RECORDS TO PROCESS:
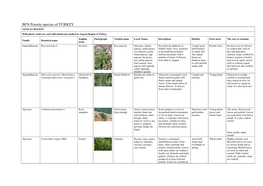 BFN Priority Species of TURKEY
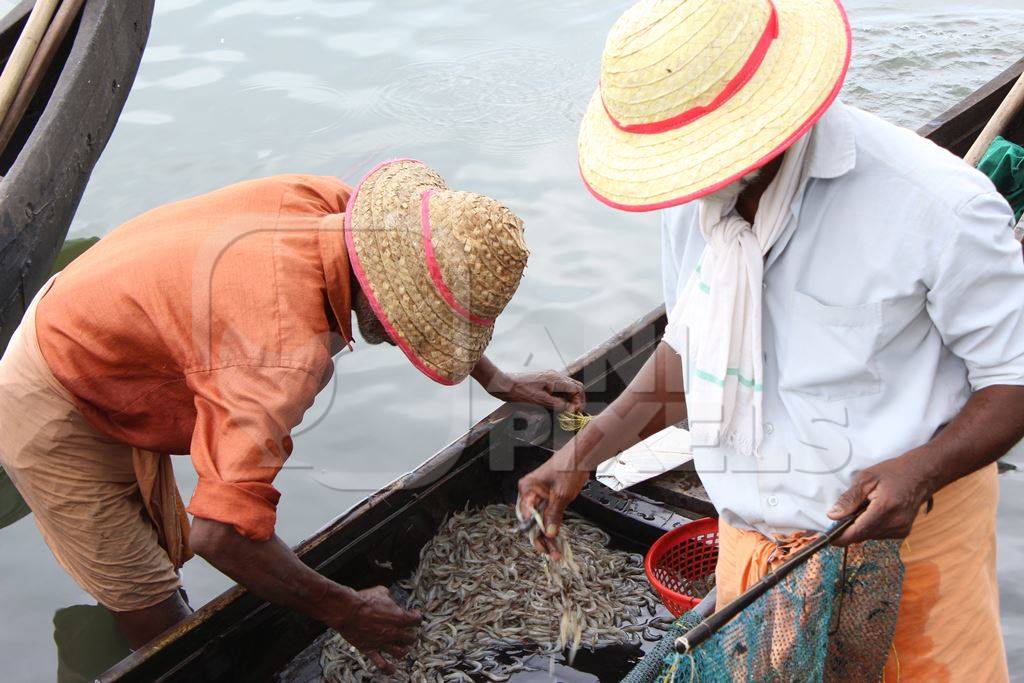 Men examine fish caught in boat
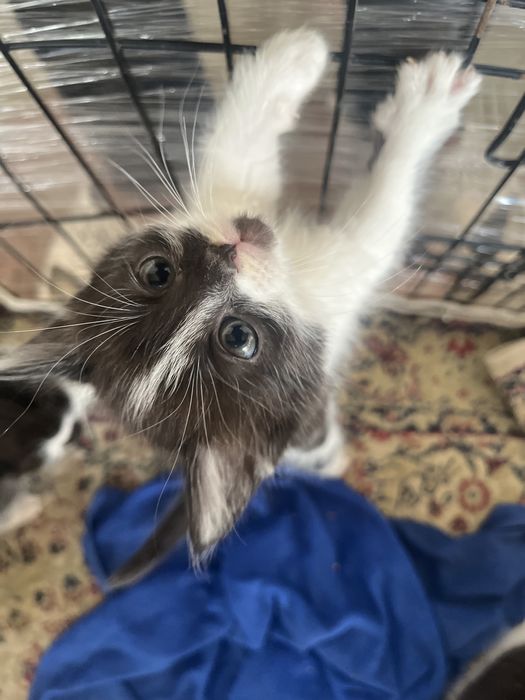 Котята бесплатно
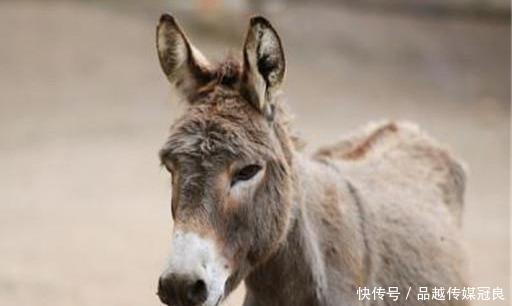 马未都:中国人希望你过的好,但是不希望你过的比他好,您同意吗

==

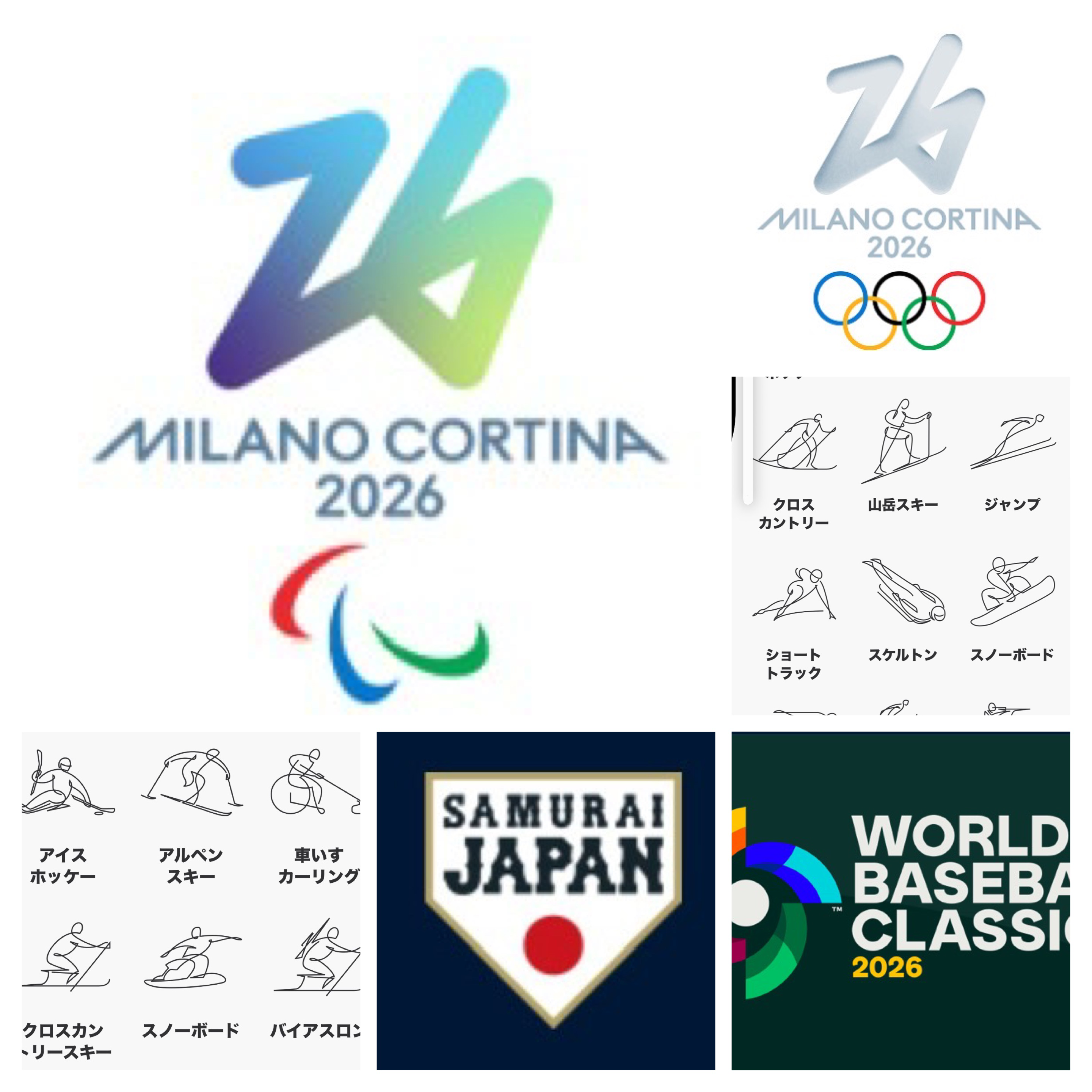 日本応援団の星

==

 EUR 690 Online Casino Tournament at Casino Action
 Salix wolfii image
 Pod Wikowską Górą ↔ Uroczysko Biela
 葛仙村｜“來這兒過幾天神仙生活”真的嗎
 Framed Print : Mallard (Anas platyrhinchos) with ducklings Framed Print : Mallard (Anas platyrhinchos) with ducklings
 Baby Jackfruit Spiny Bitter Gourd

EXERCISE:
Would you output, from the records above, exactly the run of lines that starts at the line containing "Salix wolfii image" and ends at the line containing "Baby Jackfruit Spiny Bitter Gourd", and only that run?

EXERCISE RESPONSE:
 Salix wolfii image
 Pod Wikowską Górą ↔ Uroczysko Biela
 葛仙村｜“來這兒過幾天神仙生活”真的嗎
 Framed Print : Mallard (Anas platyrhinchos) with ducklings Framed Print : Mallard (Anas platyrhinchos) with ducklings
 Baby Jackfruit Spiny Bitter Gourd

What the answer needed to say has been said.